* WORK REQUEST
Please retype all of the data below, word for word.

* INFORMATION SHOWN
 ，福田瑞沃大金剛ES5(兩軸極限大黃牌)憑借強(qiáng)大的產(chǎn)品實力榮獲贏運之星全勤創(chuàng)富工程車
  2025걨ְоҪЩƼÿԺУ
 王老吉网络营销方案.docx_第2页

* RESPONSE AREA
 ，福田瑞沃大金剛ES5(兩軸極限大黃牌)憑借強(qiáng)大的產(chǎn)品實力榮獲贏運之星全勤創(chuàng)富工程車
  2025걨ְоҪЩƼÿԺУ
 王老吉网络营销方案.docx_第2页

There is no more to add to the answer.